С 1 по 15 июля 1930 года Мандельштамы отдыхали на озере Севан, в первом в Армении профсоюзном доме отдыха. Из воспоминаний Анаиды Худавердян: «Так как он очень трудно переносил ереванскую жару и духоту, ему предложили отдых на острове „Севан“, и так Мандельштамы очутились в этом доме отдыха. Супруги Мандельштамы не имели детей, но очень любили и жаждали иметь их. Жена поэта мечтала о сыне. <…> Когда Осип Мандельштам садился за стол работать, она осторожно на цыпочках выходила, прикрывая за собой дверь, манила к себе играющих под окном детей, уводила их подальше, чтобы они „не мешали дяде писать стихи“».
[509]
Последняя процитированная нами фраза как будто позволяет предположить, что именно на Севане к Мандельштаму после пятилетнего перерыва вернулись стихи. Скорее всего, однако, это произошло чуть позже. Во всяком случае, Кузину, вернувшись в Ереван, Осип Эмильевич никаких новых стихов не читал. «Последние дни в Эривани прошли в бесконечных разговорах и планах на будущее, – вспоминал Борис Сергеевич. – Ехать в Москву добиваться чего—то нового, какого—то устройства там или оставаться в Армении? Трудно сосчитать, сколько раз решение этого вопроса изменялось. Но ко дню моего отъезда было решено окончательно. – Возможно только одно: остаться здесь. Только в обстановке древнейшей армянской культуры, через врастание в жизнь, в историю, в искусство Армении (имелось, конечно, в виду и полное овладение армянским языком) может наступить конец творческой летаргии. Возвращение в Москву исключено абсолютно».
[510]
Этот фрагмент из воспоминаний Кузина многое объясняет и предсказывает в «зрелом Мандельштаме», хотя поэт и его жена в итоге в Армении не остались. («В год тридцать первый от рожденья века / Я возвратился, нет – читай: насильно / Был возвращен в буддийскую Москву. / А перед тем я все—таки увидел / Библейской скатертью богатый Арарат / И двести дней провел в стране субботней, / Которую Арменией зовут» – из Мандельштамовского стихотворения 1931 года.)
Приход к новым стихам стал возможен только благодаря выходу из писательского мира и отказу от прежних, «литературных» интересов. Равно как и дружба с Кузиным была важна как дружба с человеком, сознательно и ревниво оберегавшим себя «от вступления на „литературное поприще“» (собственная кузинская аттестация).
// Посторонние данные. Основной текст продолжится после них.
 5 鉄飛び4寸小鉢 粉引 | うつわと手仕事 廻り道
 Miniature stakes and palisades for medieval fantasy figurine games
[511] В порыве отречения от «литературных интересов» Мандельштам был чуть ли не готов отказаться от русского языка во имя армянского (в посвященном Кузину стихотворении «К немецкой речи» он признавался в своем желании «себя губя, себе противореча», «уйти из нашей речи / За все, чем я обязан ей бессрочно»).
Характерно, что в писавшемся в апреле 1931 года «Путешествии в Армению» подробно говорится о биологии и живописи, но не о литературе. Фрагмент о Маяковском, может быть, не желая вступать в соревнование с Борисом Пастернаком, только что опубликовавшим свою «Охранную грамоту», автор «Путешествия в Армению» в окончательный текст не включил.
От утопических крайностей своего нового настроения Мандельштам очень быстро отошел. Из мемуаров Кузина: «Когда я напомнил, что решение остаться в Армении было окончательным, О. Э. воскликнул: „Чушь! Бред собачий!“ Словно речь шла действительно о чем—то, приснившемся в бредовом сне».
[512] Но кое—что в мироощущении и в стихах поэта поменялось коренным образом.